Update: Gibbs is now reporting that T-Mobile's move only affects messaging aggregators "that serve as kind of a middleman" between businesses and carriers. Companies with direct ties to T-Mobile ( a group that includes Facebook and Twitter) will reportedly not be affected.
Original Article: According to reports, T-Mobile may start charging businesses extra for sending large amounts of texts over its network, beginning at the beginning of October. ChaCha, whose service is largely based on sending text messages to users, appears to be pretty pissed off at the notion. WebProNews received the following statement from ChaCha CEO Scott Jones, indicating as much:
"If T-Mobile moves forward with its “twitter tax” that is rumored to begin on Oct 1st, ChaCha absolutely will drop T-Mobile from our service. T-Mobile is a carrier that doesn’t understand the realities of content businesses including Facebook, Twitter, ESPN, and ChaCha.

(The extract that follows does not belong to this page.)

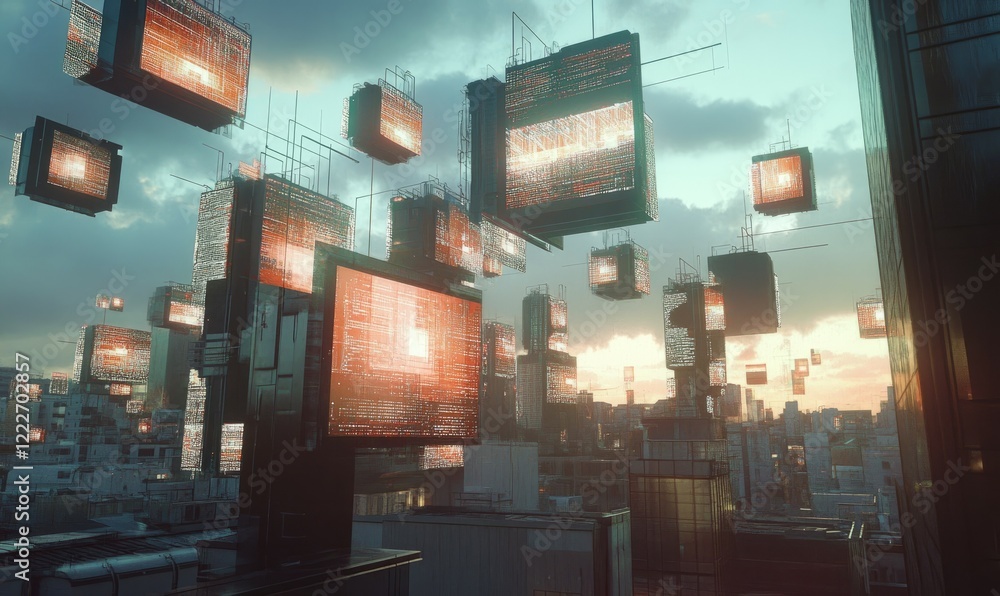 Poster image of screens and data processing over cityscape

ChaCha has more than 15 million monthly unique users for whom we answer over 2 million questions every day. The vast majority of these answers are delivered by SMS text. T-Mobile is already getting paid by subscribers for these texts and they are paid something already by aggregators/publishers. Now, they plan to impose an egregious and unacceptable tax.
“Given that the costs to deliver text are miniscule, T-Mobile already makes profits from what they charge their customers, aggregators, and publishers. There, T-mobile is “triple dipping.” We don’t see any reason for this, other than greed.
“This will be unfortunate for T-Mobile users who will either need to switch to another carrier to enjoy texting services, or access similar services via the mobile web and/or mobile apps (for which T-Mobile gets nothing incrementally). Starting today we will make it clear to our T-Mobile users that ChaCha would still be available on other carriers and/or via the mobile web or mobile apps.
“If T-Mobile moves forward they will give their subscribers reasons to consider other carriers and/or prevent defectors from AT&T/Sprint/Verizon from considering T-Mobile. Also, their proposed pricing move will completely stifle innovation in the space, further harming T-Mobile customers.
“ChaCha knows that our real-time “answers” and dbase of billions of answers is valuable and can be leveraged within any of these platforms. We prefer that T-Mobile not take this step, but if they do, we will no longer provide our free SMS service to T-Mobile and shift the traffic to other carriers and platforms. It’s unfortunate for T-Mobile subscribers since they will miss out on ChaCha and many free services because of this short-sighted move by T-Mobile.”
Colin Gibbs at GigaOm, who reported
on the possible toll, notes that Verizon tried a similar strategy
a couple years ago, but faced tremendous backlash, not unlike that being displayed from ChaCha, and abandoned the plan.